The expected output is each line from the one containing "Baca Manhua Magic" to the last line of the data below, set down exactly, minus the pictures.

--------------------------------

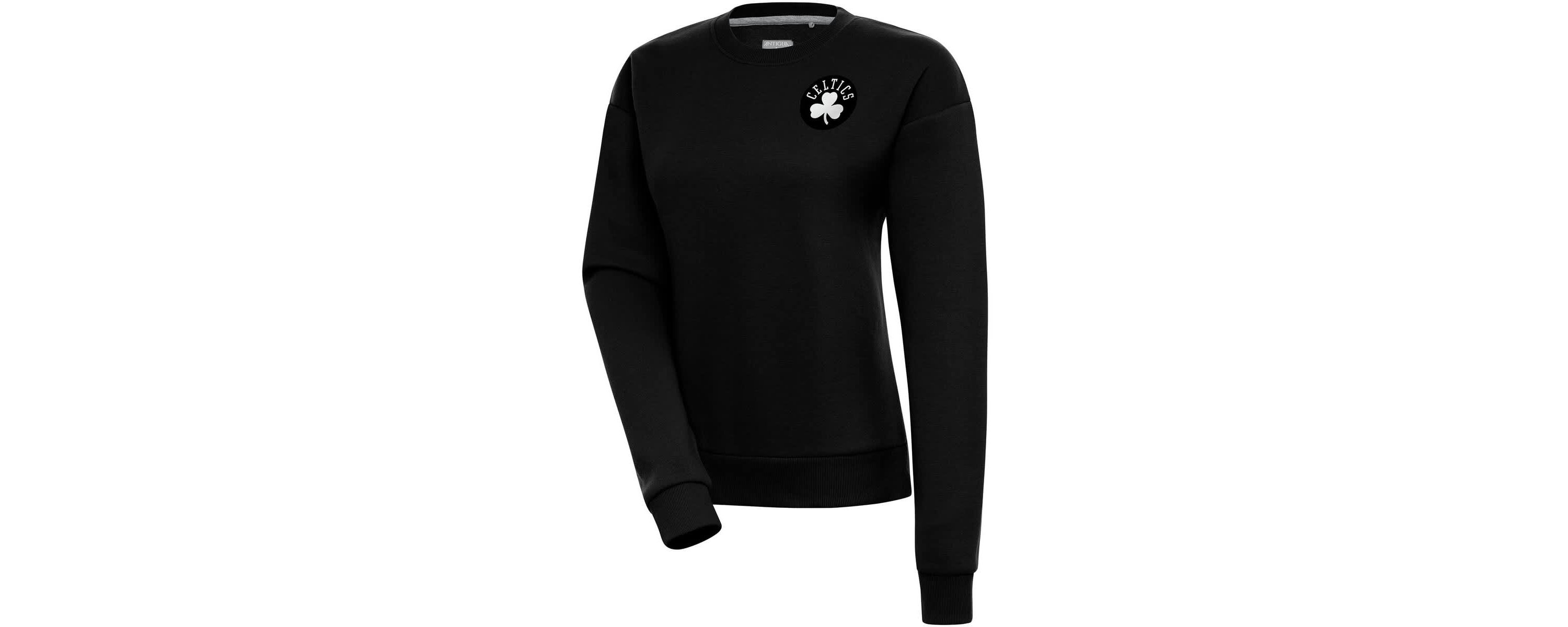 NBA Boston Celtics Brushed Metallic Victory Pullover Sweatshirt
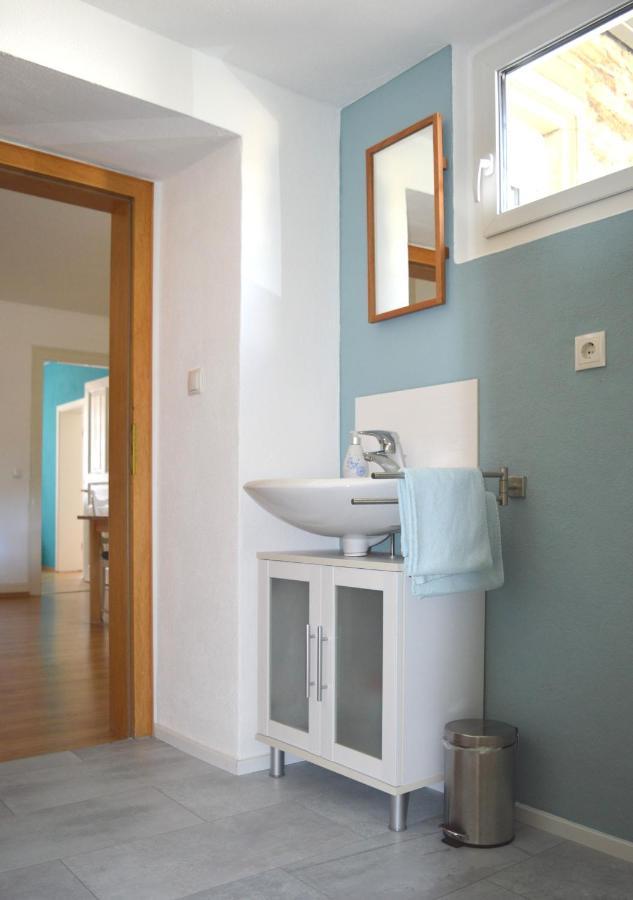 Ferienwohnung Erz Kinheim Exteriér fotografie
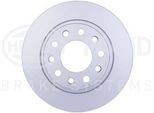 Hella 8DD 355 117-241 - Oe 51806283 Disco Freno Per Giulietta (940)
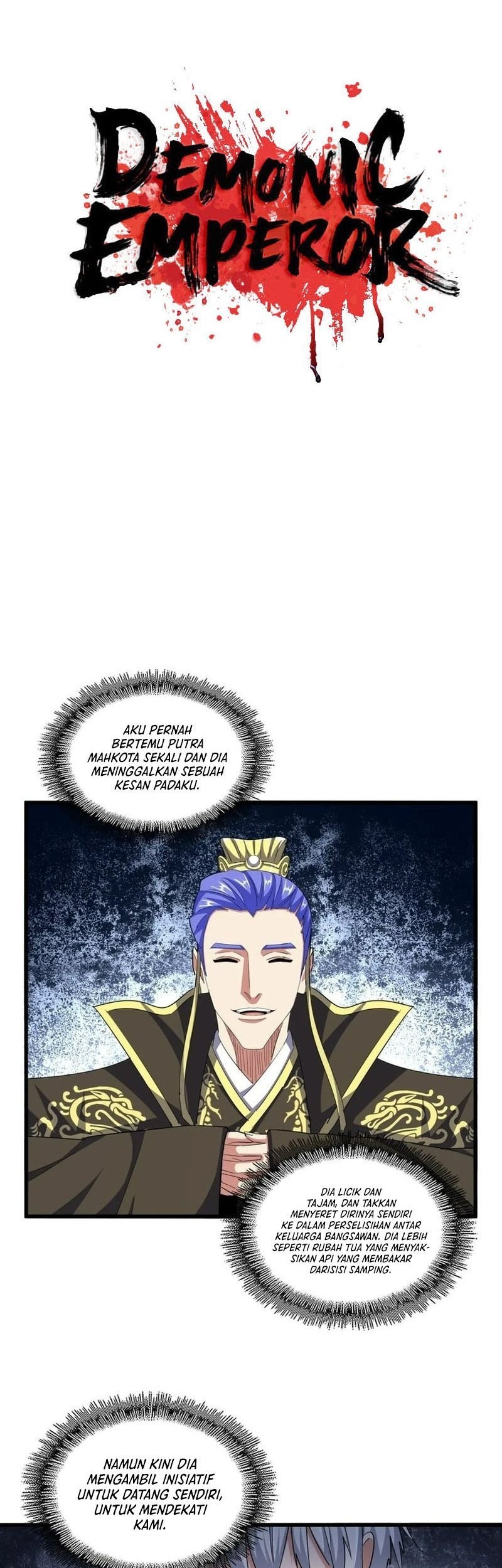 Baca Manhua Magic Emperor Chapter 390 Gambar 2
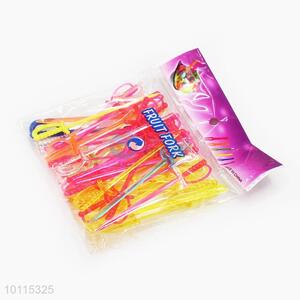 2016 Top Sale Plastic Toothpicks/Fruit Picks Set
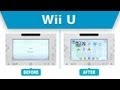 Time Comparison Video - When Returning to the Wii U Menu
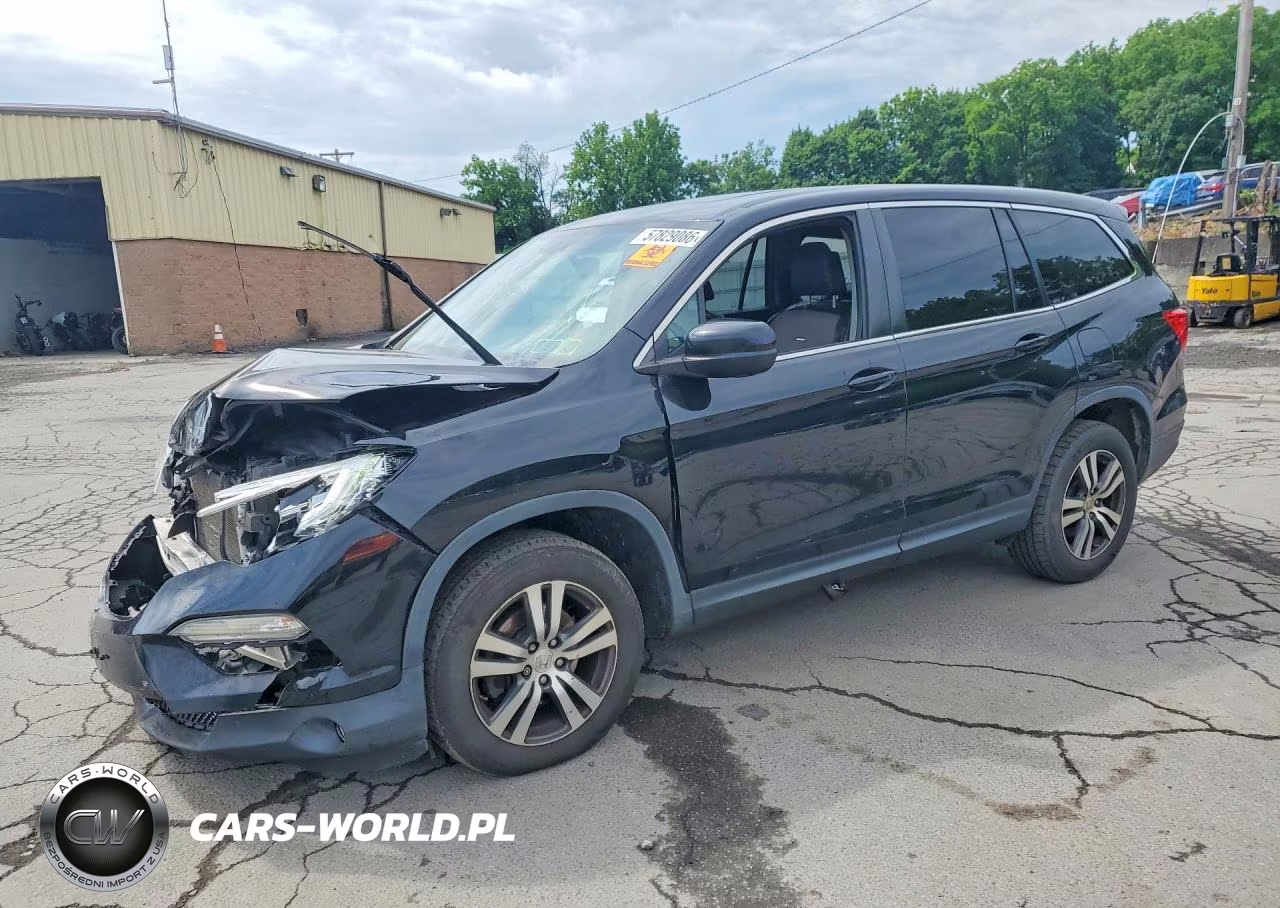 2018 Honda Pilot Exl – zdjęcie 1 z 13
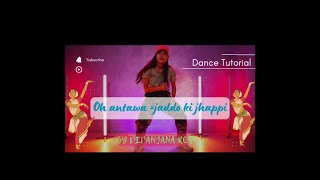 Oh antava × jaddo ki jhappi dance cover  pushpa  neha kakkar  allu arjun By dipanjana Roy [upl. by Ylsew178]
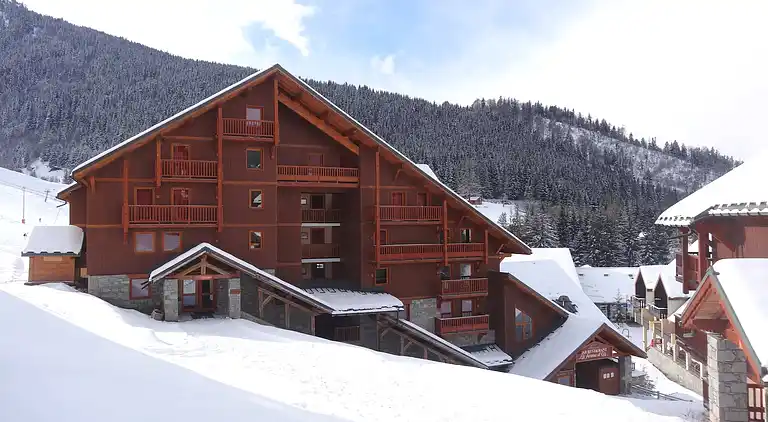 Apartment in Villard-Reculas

--------------------------------

■ **Exercise response**:
 Baca Manhua Magic Emperor Chapter 390 Gambar 2
 2016 Top Sale Plastic Toothpicks/Fruit Picks Set
 Time Comparison Video - When Returning to the Wii U Menu
 2018 Honda Pilot Exl – zdjęcie 1 z 13
 Oh antava × jaddo ki jhappi dance cover  pushpa  neha kakkar  allu arjun By dipanjana Roy [upl. by Ylsew178]
 Apartment in Villard-Reculas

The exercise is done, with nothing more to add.